Lame excuses for hiding your prices

25Feb10

A few days ago, I was researching some marketing strategies and needed to find out the cost of joining a particular non-profit organization. According to their website, they charge an upfront membership fee and an annual maintenance fee after that. However, no matter where I looked, I couldn’t find any current info about how large these fees might be. In every place where you’d expect to find the pricing, it said the prices depended on your annual revenue levels and a few other things, and that you needed to fill out the membership form in order to get the actual price.

Obviously, this was a big red flag: you have to spend time filling out their seemingly daunting membership application before they tell how how much it’s going to cost to join. There’s no way I’m committing all that time to something until I know what the prices are. Next, I tried calling their phone number, only to be greeted by a message telling me to fill out the online form to get prices. Finally, I sent them an email and asked for the ballpark pricing for a few hypothetical revenue levels.

The response I received was incredibly lame. No matter how I asked the question, the only thing they would say was the following: “We’re a non-profit, so we don’t publish our pricing”. Oh, is that a new law: non-profit organizations can’t put their pricing on the web? I highly doubt it, since tons of museums, trade associations, and universities post their pricing right on their website. When I questioned their inane logic, they just spouted the same response again.

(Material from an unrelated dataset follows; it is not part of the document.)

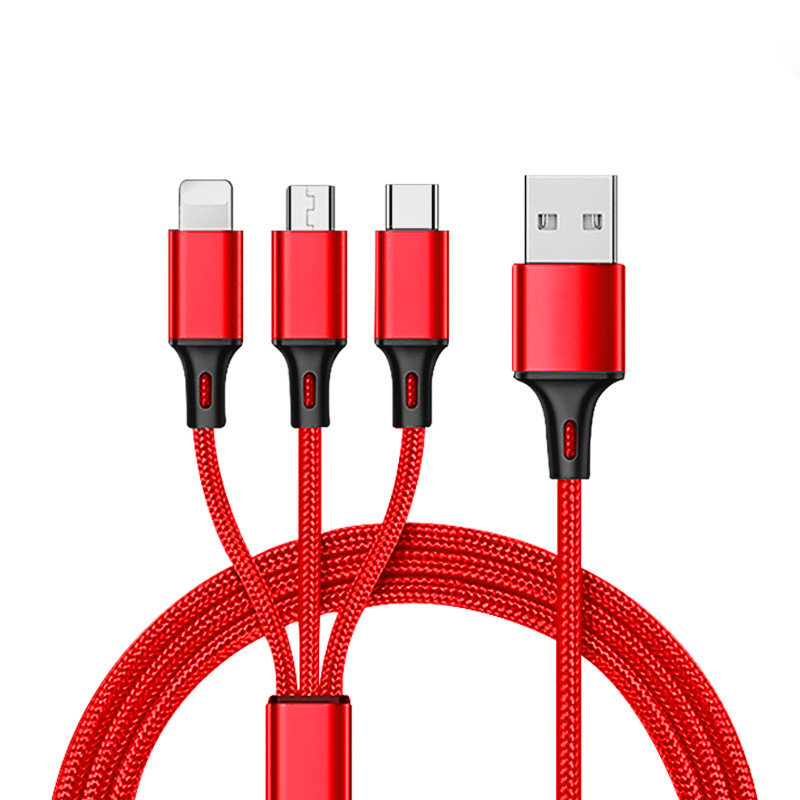 [Sản Phẩm Bán Lấy Tương Tác] Cáp Sạc Nhanh 3 Đầu | Dây Dù Đa Năng Siêu Bền | 3 Đầu Lightning - Type C - Micro USB | Bảo Hành 12 Tháng Tại Công Nghệ Số Thủ Đô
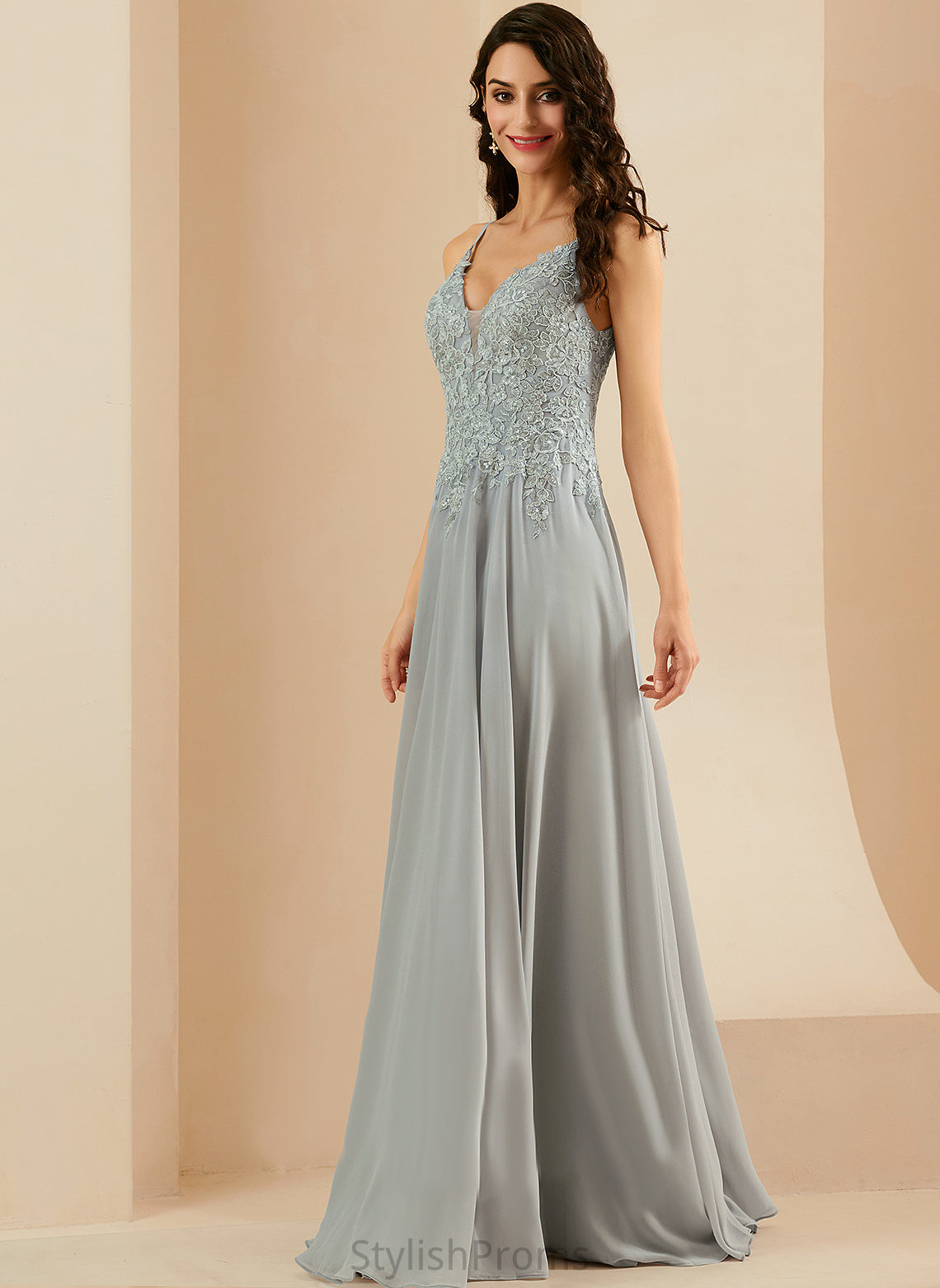 Lace Floor-Length Prom Dresses V-neck A-Line Kallie Sequins Chiffon With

When you hide pricing, and refuse to provide even a ballpark estimate of what something costs, it frustrates your customers and prospects. And when you make up ridiculous reasons for why you can’t give people pricing, they’ll dislike you even more. In short, it’s best to publish a ballpark pricing estimate when you can. But if that’s not possible, at least try to have a good, honest explanation of why the prices have to be kept secret.